Segment Open
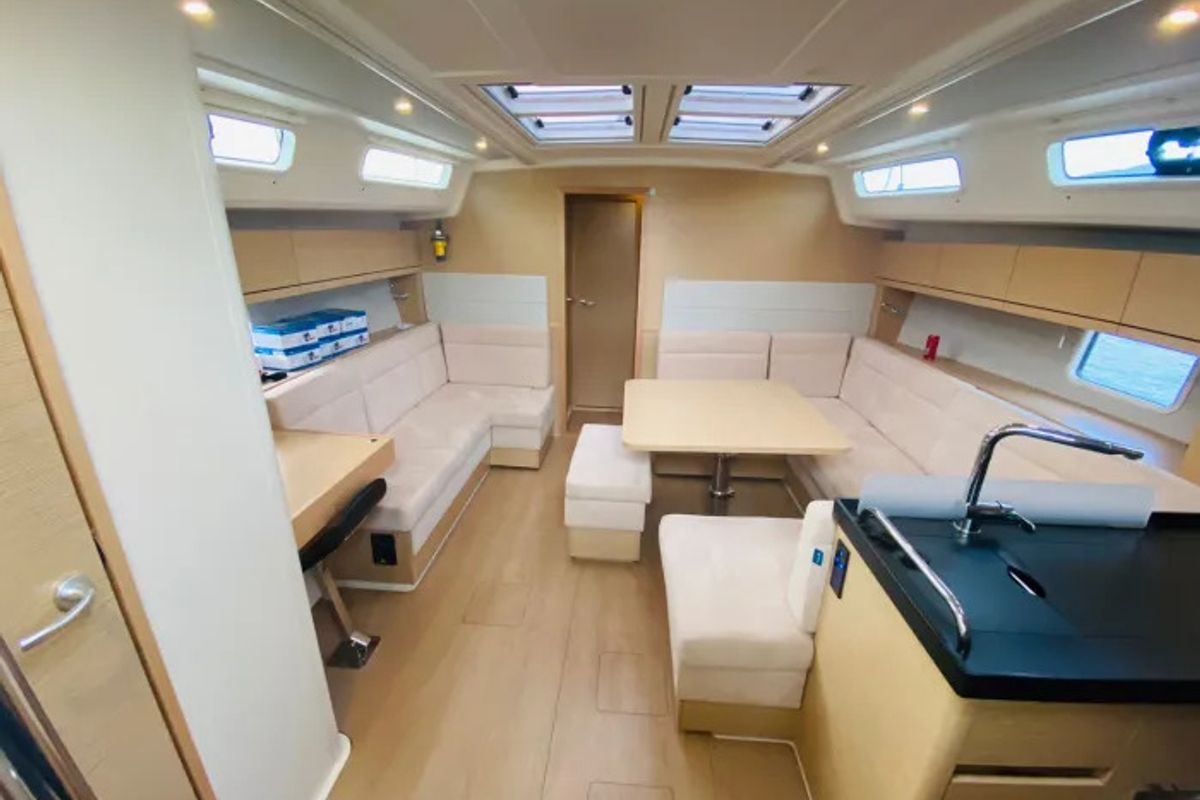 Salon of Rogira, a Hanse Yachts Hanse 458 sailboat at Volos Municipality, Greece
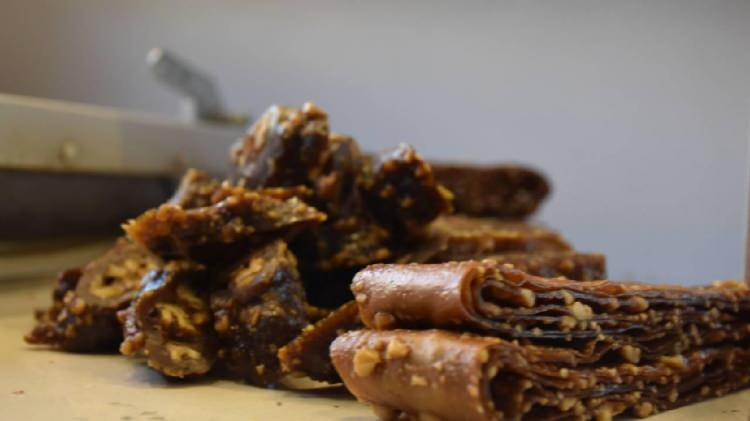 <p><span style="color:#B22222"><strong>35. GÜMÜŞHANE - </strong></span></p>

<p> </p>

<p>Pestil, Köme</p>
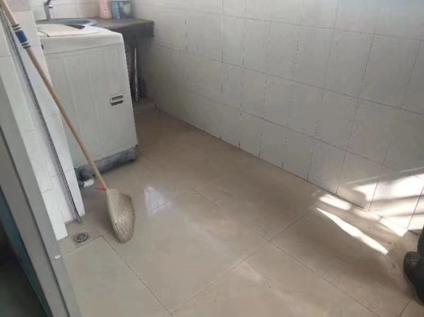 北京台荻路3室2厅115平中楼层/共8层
Segment Closed
§ **PROBLEM REQUIREMENTS**: Omit the images; transcribe the listing verbatim.

§ **WRITTEN SOLUTION**:
 Salon of Rogira, a Hanse Yachts Hanse 458 sailboat at Volos Municipality, Greece
 <p><span style="color:#B22222"><strong>35. GÜMÜŞHANE - </strong></span></p>

<p> </p>

<p>Pestil, Köme</p>
 北京台荻路3室2厅115平中楼层/共8层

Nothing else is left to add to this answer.